The original insides:
The system was very modular, with connectors on each end, and wired as pass through. The connectors are white in the above pictures. This meant that to change the input from one side to the other(which I had to do because I flipped it upside down), I simply had to disconnect it on one end, move the cable clamp and wire to the other, and plug it back in. In the process I wanted to add sockets, and adjust wiring to have them all protected by a GFCI socket. To start, I removed all the wiring, and modified the metal for the extra sockets.
The screw holes for the sockets were drilled and tapped to accept standard wall outlets.

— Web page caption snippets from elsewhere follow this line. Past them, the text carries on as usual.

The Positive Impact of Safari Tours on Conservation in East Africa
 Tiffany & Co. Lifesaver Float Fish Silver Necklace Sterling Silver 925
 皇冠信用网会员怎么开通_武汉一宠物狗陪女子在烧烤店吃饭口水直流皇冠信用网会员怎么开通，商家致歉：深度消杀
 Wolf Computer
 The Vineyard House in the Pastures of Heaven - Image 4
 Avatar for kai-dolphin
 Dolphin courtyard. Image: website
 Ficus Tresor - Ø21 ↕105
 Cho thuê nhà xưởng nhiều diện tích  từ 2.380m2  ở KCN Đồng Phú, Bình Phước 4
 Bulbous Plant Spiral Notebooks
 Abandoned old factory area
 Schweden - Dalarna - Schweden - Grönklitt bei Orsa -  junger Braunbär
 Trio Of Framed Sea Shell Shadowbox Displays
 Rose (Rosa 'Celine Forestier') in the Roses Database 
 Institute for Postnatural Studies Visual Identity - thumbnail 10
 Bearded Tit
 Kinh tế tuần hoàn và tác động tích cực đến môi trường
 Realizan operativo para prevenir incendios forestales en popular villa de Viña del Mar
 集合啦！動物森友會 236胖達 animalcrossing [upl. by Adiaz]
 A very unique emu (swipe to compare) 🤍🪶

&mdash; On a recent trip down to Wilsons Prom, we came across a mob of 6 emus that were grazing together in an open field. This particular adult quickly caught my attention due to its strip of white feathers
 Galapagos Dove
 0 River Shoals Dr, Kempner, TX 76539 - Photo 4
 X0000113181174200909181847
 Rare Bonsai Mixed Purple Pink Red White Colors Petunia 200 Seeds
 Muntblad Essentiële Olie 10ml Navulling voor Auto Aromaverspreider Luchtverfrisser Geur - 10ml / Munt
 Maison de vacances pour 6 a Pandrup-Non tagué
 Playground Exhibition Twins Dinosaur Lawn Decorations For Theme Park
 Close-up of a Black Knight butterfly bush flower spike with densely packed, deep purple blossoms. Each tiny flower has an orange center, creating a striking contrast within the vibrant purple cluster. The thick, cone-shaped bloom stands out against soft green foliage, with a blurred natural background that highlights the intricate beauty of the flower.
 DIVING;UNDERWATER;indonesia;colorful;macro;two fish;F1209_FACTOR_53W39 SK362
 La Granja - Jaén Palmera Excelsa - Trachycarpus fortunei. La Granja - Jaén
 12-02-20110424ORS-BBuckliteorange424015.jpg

The cut outs were drawn on the metal, and pilot holes drilled to cut them with a jigsaw with a metal cutting bit. This is thick metal so took some work. Before working with the jig saw, I taped around the holes so I wouldn't scratch the paint. Cuts in progress:
Mounting the sockets and using standard cover plates finished the job nicely:
The finished power strips simply screwed onto the back of the shelves, and the wiring entered the right side upright as it was designed for. Together, these were rather unwieldy, given the combined weight, but I was later able to get them into place.